Choose 180 aims to do the opposite. According to their 2019 Annual Report, 87% of their workshop participants do not reoffend.
Goode said he thinks of Choose 180 as an emergency room.
“We’re triaging [young people], helping them get well enough and then referring them out to primary care and specialty practitioners to help them sustain their commitment to change,” he said.
The diagnoses are unique to the kids’ individual needs. Choose180 helps kids with mental health problems set appointments with behavioral specialists and others get jobs at local businesses. Goode remembers one young person who was committing crimes to make money to help his parents pay for his brother’s baseball league. Choose180 helped pay the bill.
Goode’s parents suffered from mental health problems and his brother went to juvenile prison for murder. Most of the staff at Choose 180 has, like Goode, overcome extraordinary hardships.
This, he said, gives them “the ability to connect on a real level and say, ‘I get it.’ Not just I get it because you said it but I get it because I lived it.”
The program has received national attention for its success and Goode said he spends a lot of time traveling and talking about their approach. Currently, he and his colleagues are in communication with advocates in Utah looking to implement a similar program.
When Iziah Reedy attended the Choose 180 workshop, he said he heard from people who had “way harder life experiences” than he had, and “overcame [them] and they’re doing great today,” which humbled and inspired him. He said he no longer felt his life must be “going down the drain.”

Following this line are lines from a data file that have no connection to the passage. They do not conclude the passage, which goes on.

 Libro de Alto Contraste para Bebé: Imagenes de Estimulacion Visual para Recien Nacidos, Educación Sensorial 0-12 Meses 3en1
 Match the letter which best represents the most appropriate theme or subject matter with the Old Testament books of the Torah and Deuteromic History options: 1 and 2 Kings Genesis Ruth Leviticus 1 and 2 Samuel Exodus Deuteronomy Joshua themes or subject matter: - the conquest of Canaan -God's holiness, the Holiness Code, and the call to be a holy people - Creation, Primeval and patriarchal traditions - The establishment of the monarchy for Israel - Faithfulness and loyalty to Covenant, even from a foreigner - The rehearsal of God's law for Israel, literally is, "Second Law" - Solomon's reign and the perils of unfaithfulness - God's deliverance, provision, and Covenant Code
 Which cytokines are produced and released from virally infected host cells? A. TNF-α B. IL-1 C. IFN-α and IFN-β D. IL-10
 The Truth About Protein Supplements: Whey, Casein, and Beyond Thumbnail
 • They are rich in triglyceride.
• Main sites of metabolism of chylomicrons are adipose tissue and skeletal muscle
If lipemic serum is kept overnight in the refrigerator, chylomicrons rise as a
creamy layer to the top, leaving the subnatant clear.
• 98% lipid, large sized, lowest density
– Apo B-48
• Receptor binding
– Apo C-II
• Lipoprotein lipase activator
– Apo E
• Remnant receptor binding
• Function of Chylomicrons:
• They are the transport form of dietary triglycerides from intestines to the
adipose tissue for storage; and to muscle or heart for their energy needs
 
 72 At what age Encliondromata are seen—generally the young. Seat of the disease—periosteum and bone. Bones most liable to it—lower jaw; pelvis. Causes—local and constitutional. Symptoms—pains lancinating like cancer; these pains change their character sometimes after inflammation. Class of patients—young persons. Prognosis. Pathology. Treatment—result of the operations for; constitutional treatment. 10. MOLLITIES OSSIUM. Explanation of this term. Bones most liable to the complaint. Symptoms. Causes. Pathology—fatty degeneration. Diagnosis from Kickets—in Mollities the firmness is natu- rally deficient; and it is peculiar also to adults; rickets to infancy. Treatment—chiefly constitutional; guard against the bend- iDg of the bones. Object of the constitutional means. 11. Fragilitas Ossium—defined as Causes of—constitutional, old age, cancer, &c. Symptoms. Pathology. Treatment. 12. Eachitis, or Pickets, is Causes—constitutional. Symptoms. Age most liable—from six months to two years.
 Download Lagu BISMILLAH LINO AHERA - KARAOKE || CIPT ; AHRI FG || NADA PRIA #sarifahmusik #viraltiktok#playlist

After Reedy was caught with a gun in the stolen vehicle, he was expelled. Choose 180 helped him get back in school, graduate, and even helped pay for his tuition for barber school. He’s since served on a government council for juvenile justice, participated in a program for young leaders in his community, and spoken to other kids in his similar situation — inspiring some, he said, to pursue cutting hair like he did.
Before Choose 180, Reedy said the streets were all he knew. They simply showed him he could use the ingenuity and motivation he learned there to succeed in business.

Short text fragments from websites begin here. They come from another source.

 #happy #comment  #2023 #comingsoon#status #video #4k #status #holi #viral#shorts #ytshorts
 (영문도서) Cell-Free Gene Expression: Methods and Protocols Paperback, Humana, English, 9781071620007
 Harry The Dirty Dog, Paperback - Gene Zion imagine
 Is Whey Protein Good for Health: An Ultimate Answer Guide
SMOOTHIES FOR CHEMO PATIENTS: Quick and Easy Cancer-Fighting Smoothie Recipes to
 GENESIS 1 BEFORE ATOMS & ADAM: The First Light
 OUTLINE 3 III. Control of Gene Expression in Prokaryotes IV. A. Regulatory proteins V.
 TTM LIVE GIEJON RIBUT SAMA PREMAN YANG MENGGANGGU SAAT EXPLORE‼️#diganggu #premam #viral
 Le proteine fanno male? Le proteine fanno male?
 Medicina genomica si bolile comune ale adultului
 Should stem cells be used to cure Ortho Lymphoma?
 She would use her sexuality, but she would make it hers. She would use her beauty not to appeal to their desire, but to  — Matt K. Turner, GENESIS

“Cutting hair was similar to me being in the streets,” he said. “It was just more professional and it was more legal.”
Reedy’s road to personal reform has been windy, though. He said at one point after high school, things got slow at the barber shop and he temporarily turned back to a mainstay of his former life-on-the-streets behavior: shoplifting for extra cash.
While on a vacation with friends in Phoenix, he was arrested in a shopping mall for stealing shoes. He said he spent a couple days in jail and the ensuing months flying back and forth from Seattle to Phoenix to attend to the case, which was constantly complicated by shifting prosecutors and plea deals.

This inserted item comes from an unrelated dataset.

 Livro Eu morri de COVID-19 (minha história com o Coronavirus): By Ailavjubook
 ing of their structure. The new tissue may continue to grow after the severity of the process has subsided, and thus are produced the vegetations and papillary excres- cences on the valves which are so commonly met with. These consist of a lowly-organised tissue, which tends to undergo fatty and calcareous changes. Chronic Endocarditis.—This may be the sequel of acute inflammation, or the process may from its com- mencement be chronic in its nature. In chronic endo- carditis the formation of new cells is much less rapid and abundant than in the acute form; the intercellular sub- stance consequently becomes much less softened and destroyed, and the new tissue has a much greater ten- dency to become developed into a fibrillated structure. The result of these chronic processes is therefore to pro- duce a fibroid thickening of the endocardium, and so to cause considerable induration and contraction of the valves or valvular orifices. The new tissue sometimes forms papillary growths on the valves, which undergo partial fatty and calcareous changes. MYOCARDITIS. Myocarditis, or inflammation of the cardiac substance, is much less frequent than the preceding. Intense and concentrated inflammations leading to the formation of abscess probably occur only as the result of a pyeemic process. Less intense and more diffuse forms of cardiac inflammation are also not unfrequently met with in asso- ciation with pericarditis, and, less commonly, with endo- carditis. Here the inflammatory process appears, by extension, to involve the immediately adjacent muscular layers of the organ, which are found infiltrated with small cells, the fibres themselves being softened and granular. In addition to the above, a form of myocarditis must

He said he felt he was “getting juggled around like a toy” by the justice system and realized that its problems lay deeper than just law enforcement. In King County, he was sent to a seminar after getting caught with a gun, in Phoenix, he was sent to jail for getting caught with stolen sneakers.
“We shouldn’t have to spin the wheel” he said, comparing the court system to a gambling game. Despite his frustrations, he said he’s back on track, reinvigorated by a new addition to his family.
Earlier this year, Reedy became a father when his girlfriend had a baby girl, Anuhea, a Hawaiian name they gave in tribute to his mother’s family. Reedy’s father wasn’t around when he was a kid. Now, he said his number one goal in life is to be a great dad.
Beyond that, his priorities are simple: “enjoying life and owning my own business.”
This is the kind of future the staff at Choose 180 sees in the young people they seek to help — even when they don’t see it themselves.
“We’re not fixated on behavior change,” Goode said. “We’re fixated on helping young people heal and become more of who they are.”